**ASSIGNMENT:**
After locating the line with "Whatever your choice, the" in the data that follows, return it and every later line exactly, up to and including the line with "This next option".

⁂

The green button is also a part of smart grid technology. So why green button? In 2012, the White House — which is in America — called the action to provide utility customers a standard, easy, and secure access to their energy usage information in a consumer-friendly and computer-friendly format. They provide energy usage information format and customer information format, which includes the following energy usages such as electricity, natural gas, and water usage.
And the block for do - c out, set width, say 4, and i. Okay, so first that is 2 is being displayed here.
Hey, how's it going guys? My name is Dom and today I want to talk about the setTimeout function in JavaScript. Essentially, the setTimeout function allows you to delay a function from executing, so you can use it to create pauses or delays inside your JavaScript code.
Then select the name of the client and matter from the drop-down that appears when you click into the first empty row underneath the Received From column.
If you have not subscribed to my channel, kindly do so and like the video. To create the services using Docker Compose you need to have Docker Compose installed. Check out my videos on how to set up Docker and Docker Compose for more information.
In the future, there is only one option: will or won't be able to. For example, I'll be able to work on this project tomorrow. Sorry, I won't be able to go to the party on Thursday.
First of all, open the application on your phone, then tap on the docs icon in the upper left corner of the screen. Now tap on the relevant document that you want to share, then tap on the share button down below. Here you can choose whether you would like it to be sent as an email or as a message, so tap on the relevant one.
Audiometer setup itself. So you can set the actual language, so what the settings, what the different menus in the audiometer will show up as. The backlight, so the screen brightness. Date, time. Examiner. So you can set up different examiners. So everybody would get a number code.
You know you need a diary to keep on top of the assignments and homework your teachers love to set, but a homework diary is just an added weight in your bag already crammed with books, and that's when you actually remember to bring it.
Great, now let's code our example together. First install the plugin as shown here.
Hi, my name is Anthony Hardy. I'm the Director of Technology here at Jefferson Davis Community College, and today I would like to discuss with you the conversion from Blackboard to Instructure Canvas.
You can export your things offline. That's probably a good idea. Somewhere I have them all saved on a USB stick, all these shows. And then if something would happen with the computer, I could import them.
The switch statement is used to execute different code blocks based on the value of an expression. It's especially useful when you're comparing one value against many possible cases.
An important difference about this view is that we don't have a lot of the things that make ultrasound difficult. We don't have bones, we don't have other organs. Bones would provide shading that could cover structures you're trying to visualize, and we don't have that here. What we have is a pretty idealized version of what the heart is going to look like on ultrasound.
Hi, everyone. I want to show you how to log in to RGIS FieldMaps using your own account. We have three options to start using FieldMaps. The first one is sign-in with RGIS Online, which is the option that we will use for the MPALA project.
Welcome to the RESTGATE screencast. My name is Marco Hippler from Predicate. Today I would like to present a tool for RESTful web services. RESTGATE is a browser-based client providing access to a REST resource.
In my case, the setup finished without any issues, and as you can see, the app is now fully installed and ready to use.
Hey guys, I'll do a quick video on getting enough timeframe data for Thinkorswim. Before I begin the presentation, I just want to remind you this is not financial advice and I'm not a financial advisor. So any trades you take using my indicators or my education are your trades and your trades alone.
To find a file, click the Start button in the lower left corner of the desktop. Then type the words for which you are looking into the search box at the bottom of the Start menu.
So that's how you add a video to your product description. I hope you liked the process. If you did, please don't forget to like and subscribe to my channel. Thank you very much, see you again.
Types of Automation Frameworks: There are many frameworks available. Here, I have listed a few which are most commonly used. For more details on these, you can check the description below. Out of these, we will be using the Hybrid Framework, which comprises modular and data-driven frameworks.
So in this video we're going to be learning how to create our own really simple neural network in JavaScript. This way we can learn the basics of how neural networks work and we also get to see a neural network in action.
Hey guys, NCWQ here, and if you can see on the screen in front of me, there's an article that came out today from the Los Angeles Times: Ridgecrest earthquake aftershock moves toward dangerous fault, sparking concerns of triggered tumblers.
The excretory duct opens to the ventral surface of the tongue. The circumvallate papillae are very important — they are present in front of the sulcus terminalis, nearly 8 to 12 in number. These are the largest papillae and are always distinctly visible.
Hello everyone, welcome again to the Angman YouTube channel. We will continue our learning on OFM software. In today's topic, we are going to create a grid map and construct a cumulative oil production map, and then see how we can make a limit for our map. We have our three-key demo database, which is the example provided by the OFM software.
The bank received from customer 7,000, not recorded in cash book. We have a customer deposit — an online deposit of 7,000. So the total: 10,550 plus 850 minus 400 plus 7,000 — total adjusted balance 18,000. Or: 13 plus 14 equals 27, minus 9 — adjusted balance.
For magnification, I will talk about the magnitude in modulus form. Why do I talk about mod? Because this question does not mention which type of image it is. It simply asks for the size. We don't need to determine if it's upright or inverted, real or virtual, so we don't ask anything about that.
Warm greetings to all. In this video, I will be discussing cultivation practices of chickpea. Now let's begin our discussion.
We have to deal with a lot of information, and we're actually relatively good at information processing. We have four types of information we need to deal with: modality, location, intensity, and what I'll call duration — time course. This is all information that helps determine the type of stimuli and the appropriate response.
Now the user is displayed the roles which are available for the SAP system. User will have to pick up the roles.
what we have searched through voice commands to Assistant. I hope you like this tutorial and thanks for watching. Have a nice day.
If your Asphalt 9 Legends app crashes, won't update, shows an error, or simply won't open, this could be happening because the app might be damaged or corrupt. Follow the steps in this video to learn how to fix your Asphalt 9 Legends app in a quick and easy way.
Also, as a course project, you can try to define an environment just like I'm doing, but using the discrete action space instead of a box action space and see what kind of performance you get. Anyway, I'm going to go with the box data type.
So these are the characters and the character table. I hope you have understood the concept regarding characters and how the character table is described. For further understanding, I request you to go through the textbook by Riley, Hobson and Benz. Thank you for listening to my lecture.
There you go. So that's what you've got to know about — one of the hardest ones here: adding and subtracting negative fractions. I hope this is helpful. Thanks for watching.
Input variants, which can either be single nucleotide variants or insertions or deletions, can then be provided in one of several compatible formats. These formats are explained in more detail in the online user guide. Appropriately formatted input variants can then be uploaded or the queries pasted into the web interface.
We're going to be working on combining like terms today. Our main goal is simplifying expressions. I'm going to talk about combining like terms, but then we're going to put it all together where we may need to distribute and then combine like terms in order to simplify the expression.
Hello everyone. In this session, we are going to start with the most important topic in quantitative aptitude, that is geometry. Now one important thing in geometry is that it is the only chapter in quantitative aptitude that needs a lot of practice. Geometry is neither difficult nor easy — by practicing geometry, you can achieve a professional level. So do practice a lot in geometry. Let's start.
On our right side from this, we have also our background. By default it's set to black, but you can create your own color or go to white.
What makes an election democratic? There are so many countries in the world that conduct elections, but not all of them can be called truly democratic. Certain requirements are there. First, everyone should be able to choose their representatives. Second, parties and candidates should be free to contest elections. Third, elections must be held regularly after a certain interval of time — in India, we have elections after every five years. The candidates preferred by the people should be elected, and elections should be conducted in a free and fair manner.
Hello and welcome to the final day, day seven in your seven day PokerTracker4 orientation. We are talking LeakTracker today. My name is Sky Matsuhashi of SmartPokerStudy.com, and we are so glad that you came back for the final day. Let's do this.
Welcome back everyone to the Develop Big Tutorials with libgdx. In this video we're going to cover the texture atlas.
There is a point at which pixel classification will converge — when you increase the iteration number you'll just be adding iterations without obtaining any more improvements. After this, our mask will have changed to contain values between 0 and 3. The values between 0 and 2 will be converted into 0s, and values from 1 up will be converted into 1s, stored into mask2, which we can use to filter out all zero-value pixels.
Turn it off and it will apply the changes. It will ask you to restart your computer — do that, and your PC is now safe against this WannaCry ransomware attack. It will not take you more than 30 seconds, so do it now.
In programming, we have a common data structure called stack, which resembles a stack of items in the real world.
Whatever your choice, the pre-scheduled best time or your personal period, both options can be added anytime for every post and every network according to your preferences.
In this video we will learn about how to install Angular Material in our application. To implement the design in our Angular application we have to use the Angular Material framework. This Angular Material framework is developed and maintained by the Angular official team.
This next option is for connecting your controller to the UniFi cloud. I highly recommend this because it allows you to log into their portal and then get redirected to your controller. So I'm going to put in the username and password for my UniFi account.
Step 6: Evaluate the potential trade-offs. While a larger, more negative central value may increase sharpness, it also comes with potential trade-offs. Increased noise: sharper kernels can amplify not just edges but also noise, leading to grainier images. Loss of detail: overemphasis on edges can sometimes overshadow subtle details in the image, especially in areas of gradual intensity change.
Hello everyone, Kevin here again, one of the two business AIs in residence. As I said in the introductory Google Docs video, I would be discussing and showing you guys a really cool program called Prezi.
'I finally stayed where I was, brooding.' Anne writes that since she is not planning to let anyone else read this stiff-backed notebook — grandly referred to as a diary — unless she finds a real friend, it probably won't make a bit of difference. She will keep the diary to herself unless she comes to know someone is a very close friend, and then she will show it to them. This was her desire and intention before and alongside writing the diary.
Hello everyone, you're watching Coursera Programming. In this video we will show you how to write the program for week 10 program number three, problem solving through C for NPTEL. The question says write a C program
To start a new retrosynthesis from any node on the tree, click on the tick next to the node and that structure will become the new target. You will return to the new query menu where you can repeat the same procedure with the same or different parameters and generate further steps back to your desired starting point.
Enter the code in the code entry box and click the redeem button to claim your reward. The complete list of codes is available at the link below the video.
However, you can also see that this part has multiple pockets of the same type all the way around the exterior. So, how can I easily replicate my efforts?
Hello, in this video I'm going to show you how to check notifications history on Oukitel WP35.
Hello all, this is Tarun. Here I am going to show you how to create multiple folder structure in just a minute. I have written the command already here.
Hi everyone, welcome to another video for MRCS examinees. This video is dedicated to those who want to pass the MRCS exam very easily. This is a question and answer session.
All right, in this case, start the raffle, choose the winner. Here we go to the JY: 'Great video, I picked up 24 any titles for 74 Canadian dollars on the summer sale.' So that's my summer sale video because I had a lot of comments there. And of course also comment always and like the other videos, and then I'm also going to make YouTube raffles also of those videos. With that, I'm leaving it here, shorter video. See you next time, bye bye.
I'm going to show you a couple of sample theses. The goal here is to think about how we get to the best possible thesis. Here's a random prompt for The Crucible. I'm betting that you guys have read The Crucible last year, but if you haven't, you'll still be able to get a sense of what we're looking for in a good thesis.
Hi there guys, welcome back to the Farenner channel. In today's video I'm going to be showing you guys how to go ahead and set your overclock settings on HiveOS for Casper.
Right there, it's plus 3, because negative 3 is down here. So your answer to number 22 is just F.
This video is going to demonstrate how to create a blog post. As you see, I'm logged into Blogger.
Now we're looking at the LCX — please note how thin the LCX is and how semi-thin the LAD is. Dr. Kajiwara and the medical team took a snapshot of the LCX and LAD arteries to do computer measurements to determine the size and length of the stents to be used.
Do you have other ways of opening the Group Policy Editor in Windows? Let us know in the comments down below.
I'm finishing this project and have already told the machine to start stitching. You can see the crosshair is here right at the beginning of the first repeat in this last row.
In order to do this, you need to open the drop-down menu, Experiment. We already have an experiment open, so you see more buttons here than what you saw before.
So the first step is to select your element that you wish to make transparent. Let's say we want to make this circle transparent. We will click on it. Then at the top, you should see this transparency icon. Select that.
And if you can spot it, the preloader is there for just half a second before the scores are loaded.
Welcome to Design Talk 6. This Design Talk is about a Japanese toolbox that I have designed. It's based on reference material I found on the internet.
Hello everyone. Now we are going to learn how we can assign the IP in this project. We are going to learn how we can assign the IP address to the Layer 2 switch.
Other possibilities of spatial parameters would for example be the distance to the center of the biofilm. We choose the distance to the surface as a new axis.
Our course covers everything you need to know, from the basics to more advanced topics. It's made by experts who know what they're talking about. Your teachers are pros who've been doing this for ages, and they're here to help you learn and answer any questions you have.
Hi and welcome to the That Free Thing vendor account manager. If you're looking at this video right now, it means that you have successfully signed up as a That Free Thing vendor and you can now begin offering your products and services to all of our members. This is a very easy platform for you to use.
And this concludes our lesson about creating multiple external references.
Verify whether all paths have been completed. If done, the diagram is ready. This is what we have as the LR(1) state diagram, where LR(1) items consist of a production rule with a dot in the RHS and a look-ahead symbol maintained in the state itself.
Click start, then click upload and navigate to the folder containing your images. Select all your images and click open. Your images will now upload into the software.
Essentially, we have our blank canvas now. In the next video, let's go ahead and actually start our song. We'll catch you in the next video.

⁂

**YOUR RESPONSE:**
Whatever your choice, the pre-scheduled best time or your personal period, both options can be added anytime for every post and every network according to your preferences.
In this video we will learn about how to install Angular Material in our application. To implement the design in our Angular application we have to use the Angular Material framework. This Angular Material framework is developed and maintained by the Angular official team.
This next option is for connecting your controller to the UniFi cloud. I highly recommend this because it allows you to log into their portal and then get redirected to your controller. So I'm going to put in the username and password for my UniFi account.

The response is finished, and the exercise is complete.